From the listing that follows, reproduce only the lines from the one holding "2022 весна осень" through the one holding "Purple stylized letter", both included, with no pictures.

◆ **Material provided**
*** Block opens ***
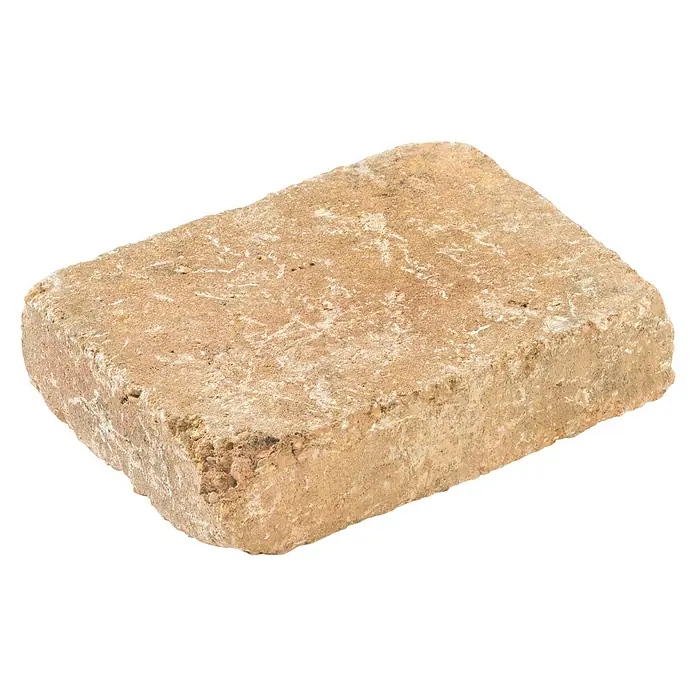 Diephaus Pflasterstein AustinSandstein, 28 x 21 x 7 cm, Rechteckig - Nahaufnahme eines einzelnen, beigen Pflastersteins mit rauer Textur und unregelmäßigen Kanten, ideal für Gartenwege oder Terrassen.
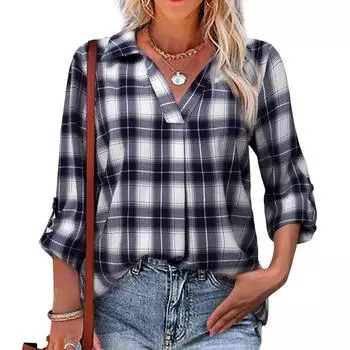 2022 весна осень свободная блузка с v-образным вырезом офисная женская хлопковая клетчатая рубашка с принтом для отдыха модная длинная рубашка пуловер с длинными рукавами S синий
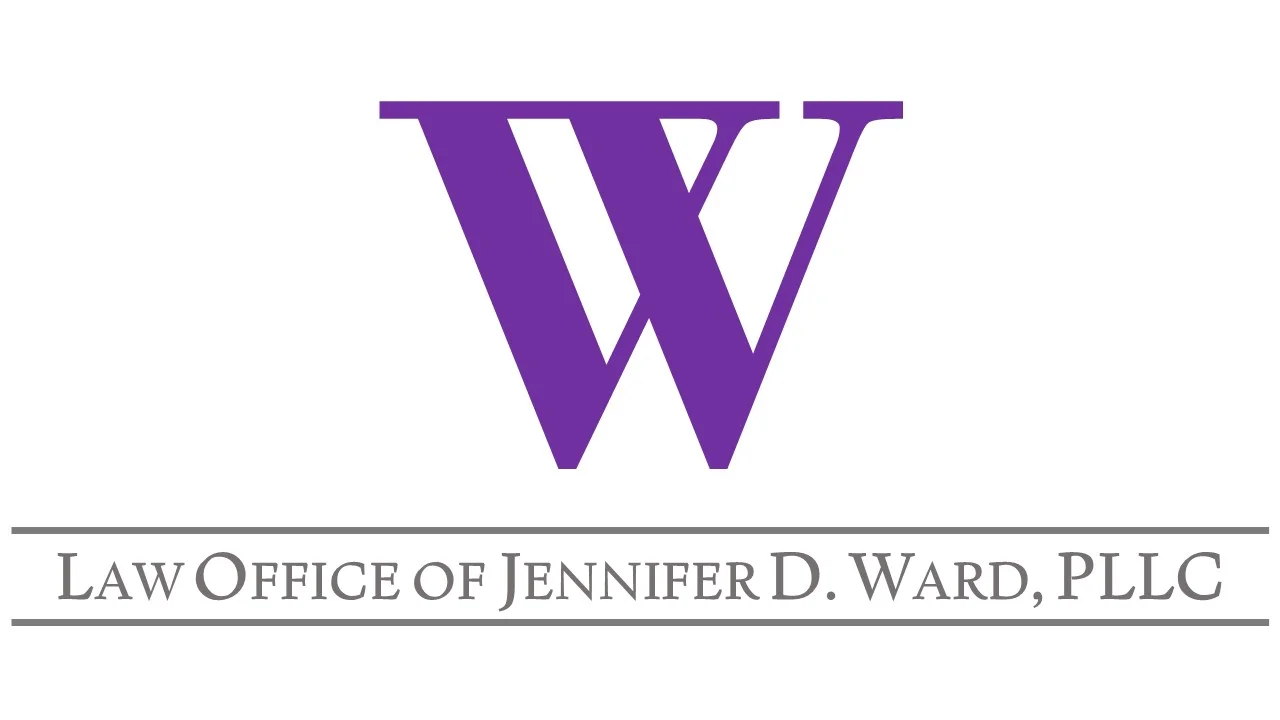 Purple stylized letter W above text reading Law Office of Jennifer D. Ward, PLLC with horizontal lines above and below the text.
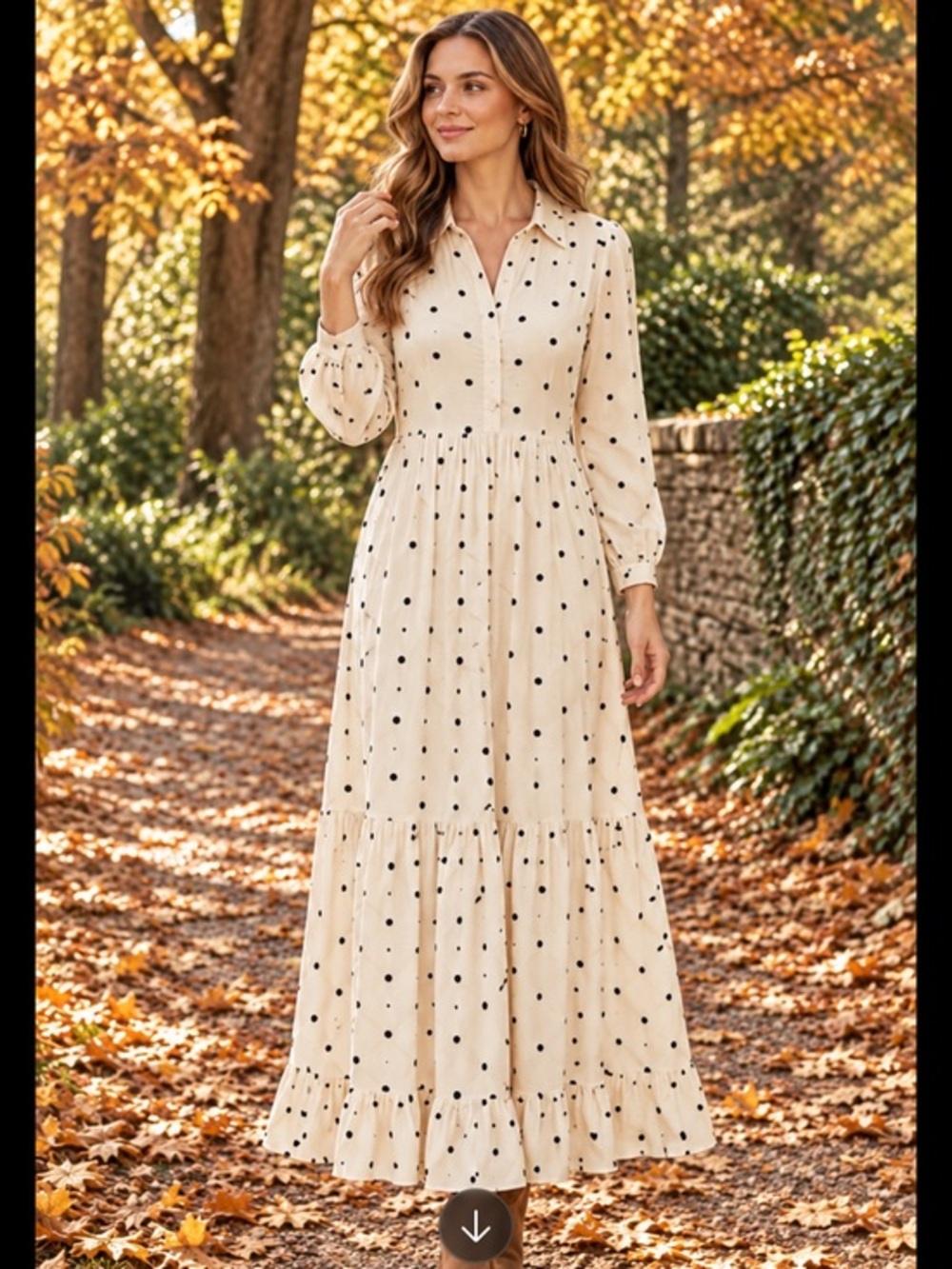 Anthropologie /  Porridge Ashby Tiered polka dot Maxi Dress long sleeve shirt xs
*** Block closes ***
◆ **Answer section**
 2022 весна осень свободная блузка с v-образным вырезом офисная женская хлопковая клетчатая рубашка с принтом для отдыха модная длинная рубашка пуловер с длинными рукавами S синий
 Purple stylized letter W above text reading Law Office of Jennifer D. Ward, PLLC with horizontal lines above and below the text.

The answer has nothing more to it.